(TASK TO COMPLETE)
Leave out the pictures and output the data verbatim.

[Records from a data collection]

☆ ☆ ☆ ☆ ☆

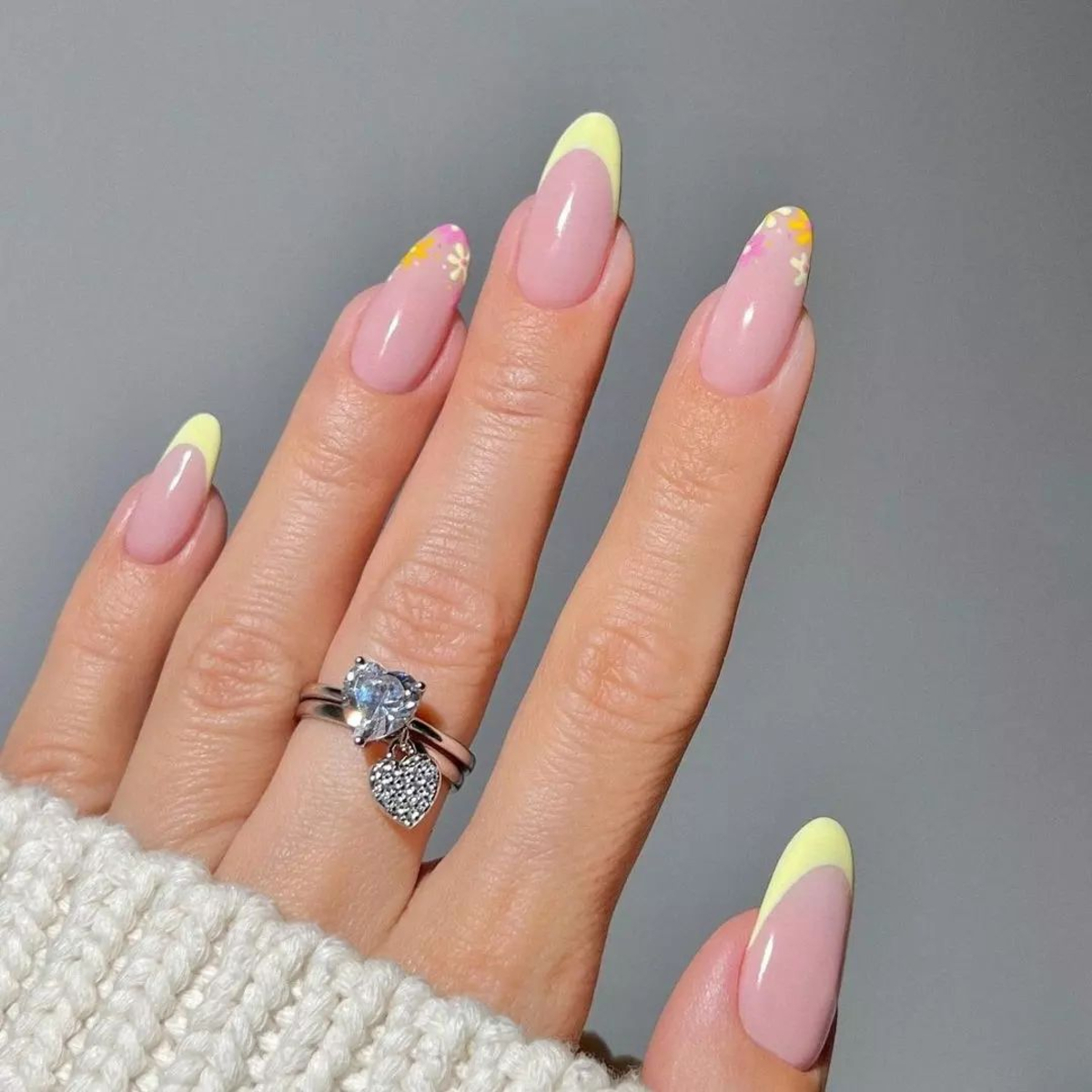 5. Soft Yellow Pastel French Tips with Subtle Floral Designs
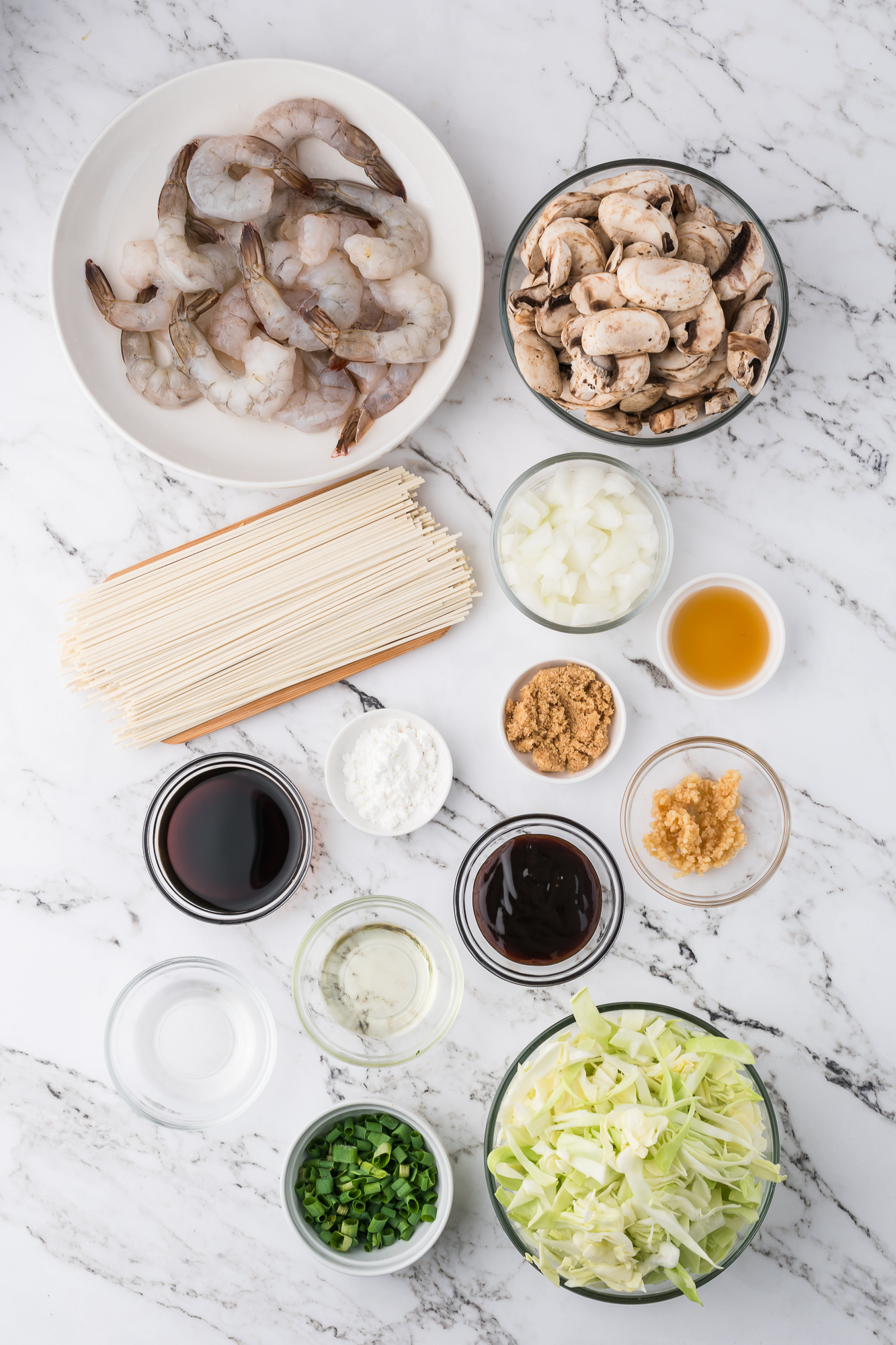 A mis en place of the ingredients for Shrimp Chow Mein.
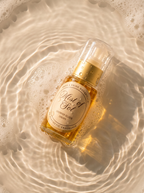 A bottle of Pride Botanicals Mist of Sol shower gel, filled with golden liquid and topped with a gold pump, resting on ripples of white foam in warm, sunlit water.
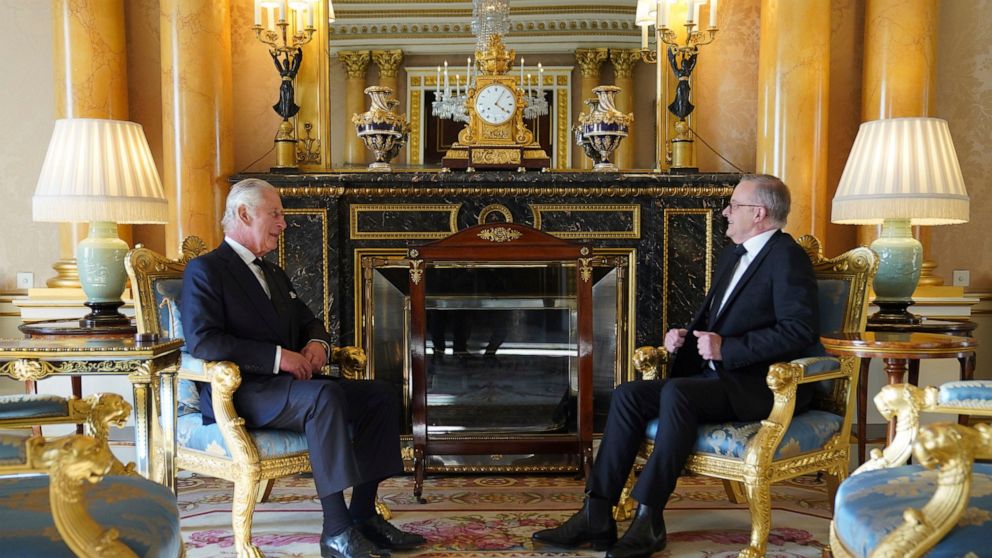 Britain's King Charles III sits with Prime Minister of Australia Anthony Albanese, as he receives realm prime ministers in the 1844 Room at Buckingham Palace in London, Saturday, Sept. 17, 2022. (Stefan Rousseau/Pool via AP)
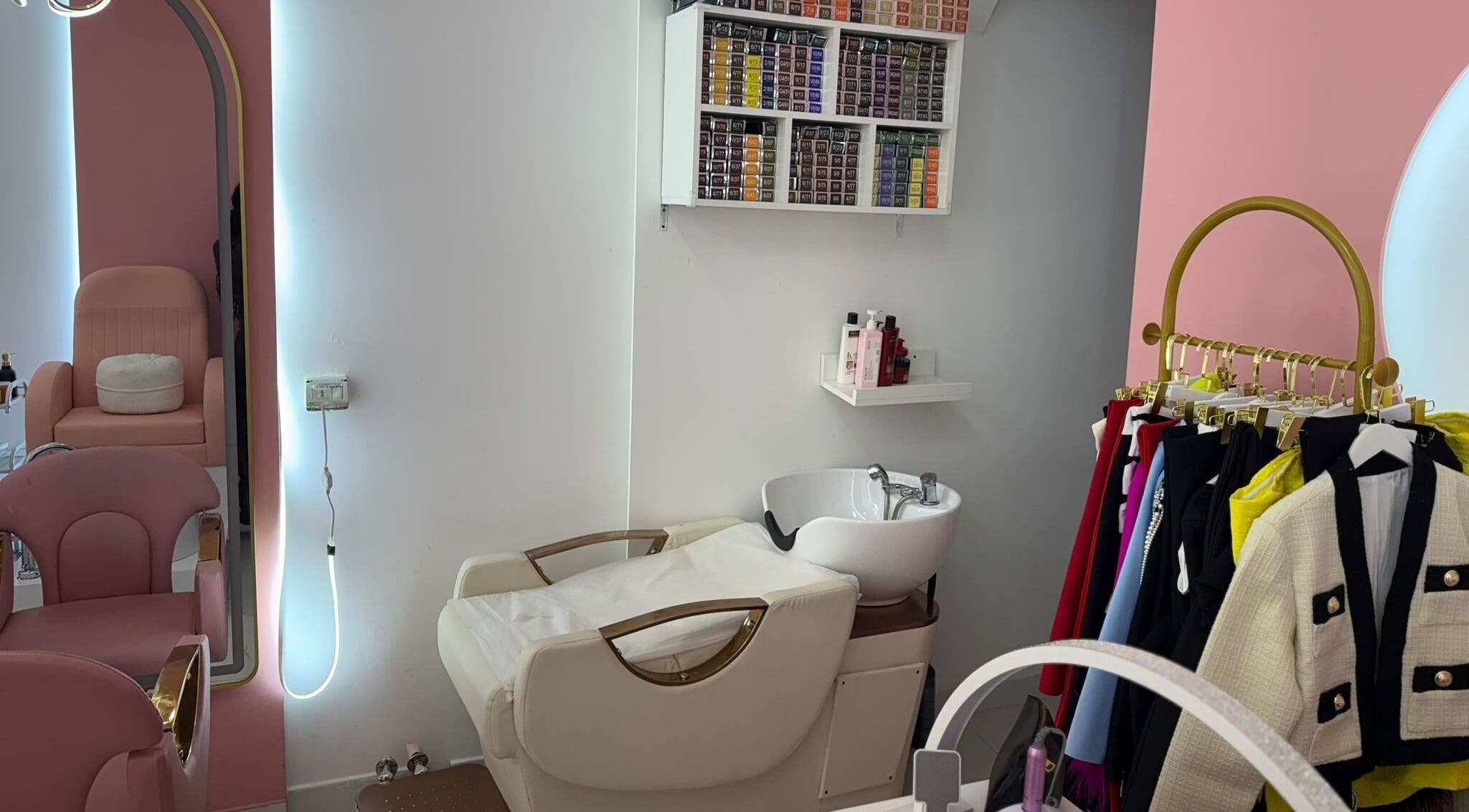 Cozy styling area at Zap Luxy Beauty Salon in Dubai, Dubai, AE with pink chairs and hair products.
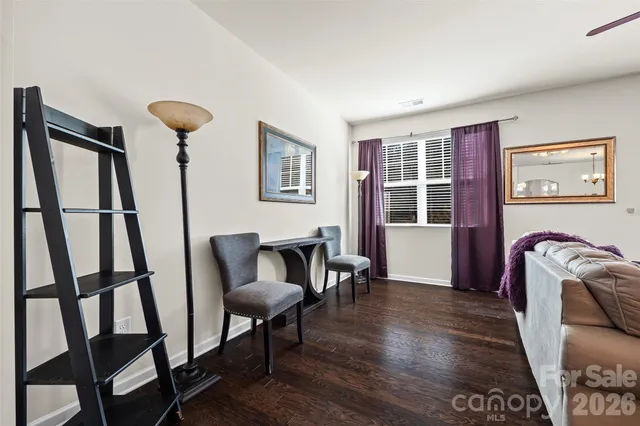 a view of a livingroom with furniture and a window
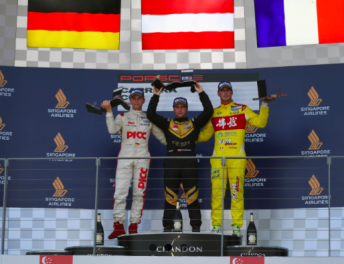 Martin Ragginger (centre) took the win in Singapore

☆ ☆ ☆ ☆ ☆

(WRITTEN SOLUTION)
 5. Soft Yellow Pastel French Tips with Subtle Floral Designs
 A mis en place of the ingredients for Shrimp Chow Mein.
 A bottle of Pride Botanicals Mist of Sol shower gel, filled with golden liquid and topped with a gold pump, resting on ripples of white foam in warm, sunlit water.
 Britain's King Charles III sits with Prime Minister of Australia Anthony Albanese, as he receives realm prime ministers in the 1844 Room at Buckingham Palace in London, Saturday, Sept. 17, 2022. (Stefan Rousseau/Pool via AP)
 Cozy styling area at Zap Luxy Beauty Salon in Dubai, Dubai, AE with pink chairs and hair products.
 a view of a livingroom with furniture and a window
 Martin Ragginger (centre) took the win in Singapore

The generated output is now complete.